La Repubblica del Camerun si trova nell’Africa Equatoriale: il suo territorio è bagnato dal Golfo di Guinea.

Esteso per una superficie di 475.440  kmq è abitato da 19,6 milioni di persone (2012) di circa 200 etnìe diverse.

E’ molto accentuato anche il pluralismo religioso con la presenza di cristiani,musulmani e seguaci di culti

tradizionali.

L’economia si fonda soprattutto sull’agricoltura e sull’estrazione del petrolio che forniscono un certo reddito,

anche se lo sviluppo del paese è ostacolato  dalla diffusa corruzione, dalla soffocante burocrazia e dalla carenza

di infrastrutture.

sul piano internazionale Yaoundé è un’alleata fidata della Francia e fa parte del gruppo dei paesi che adottano il

Franco CFA: la sua collocazione è sempre stata a fianco dell’Occidente (tra l’altro a fine anni Novanta ha aderito

al Commonwealth insieme a mozambico e Ruanda).

Suo malgrado, è stato inserito in quell’area di conflitto che va dal Mali alla Nigeria, comprendendo burkina faso,

Niger e Ciad dove operano diversi movimenti fondamentalisti islamici, come boko Haram ed al Qaeda per il Maghreb.

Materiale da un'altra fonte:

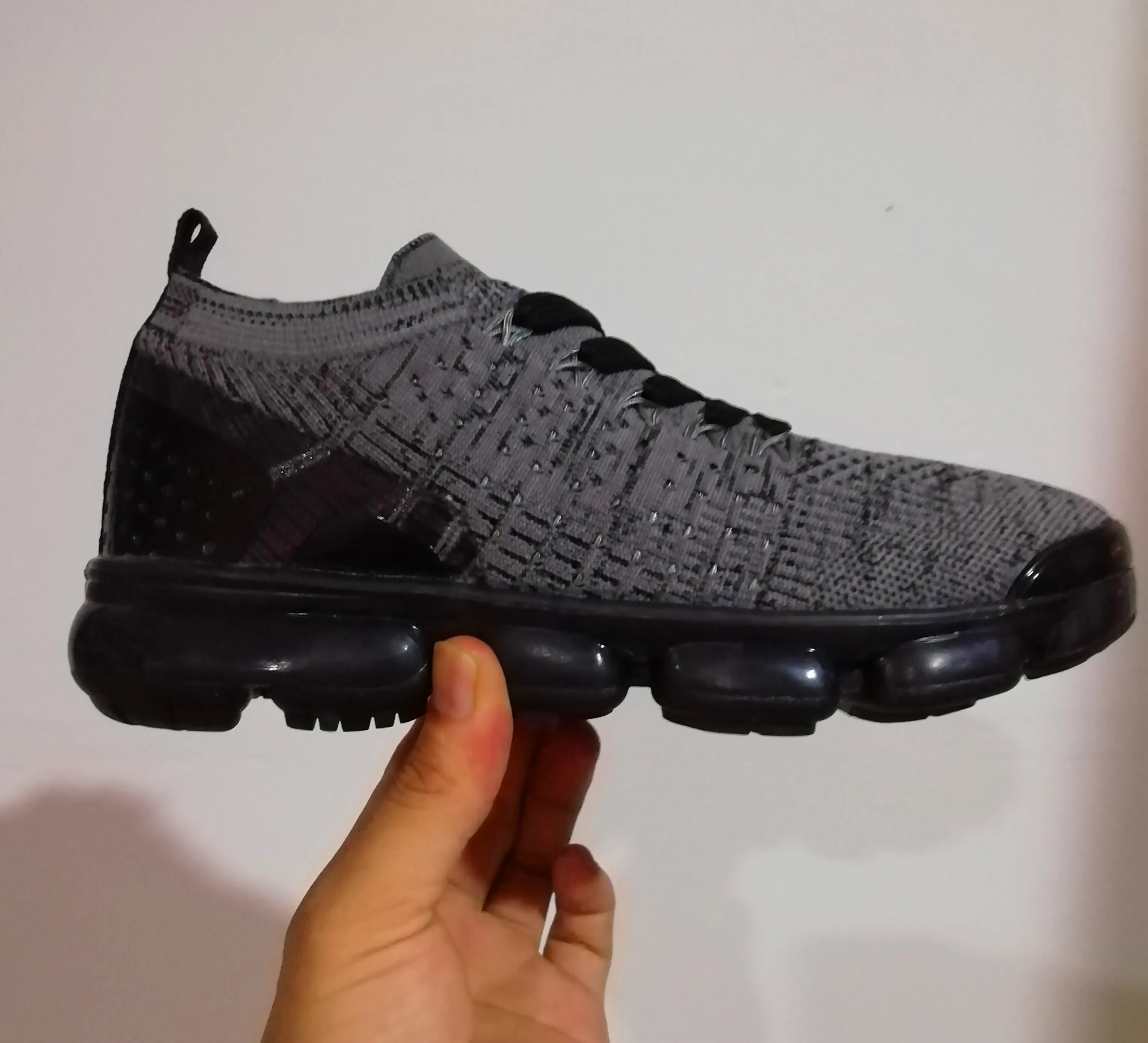 Women Sneakers dropship custom air cushion new running shoes, Grey etc or customized color
Women Sneakers dropship custom air cushion new running shoes, Grey etc or customized color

Costoro vorrebbero creare uno stato islamico sul modello di quello attivo per alcuni anni in Siria ed iraq. Nel

frattempo, complice la scarsa capacità dei governi locali di controllare i rispettivi territori e la presenza di

traffici di armi, droga e persone, vengono compiuti attacchi contro i non musulmani con numerose vittime in tutta

l’area.

L’incerta situazione geopolitica della regione consiglia sicuramente di risolvere la vertenza tra anglofoni e

francofoni: forse per questo si è fatta strada una maggior ragionevolezza e si sta provando a riavviare un dialogo

tra le due comunità che pareva definitivamente interrotto.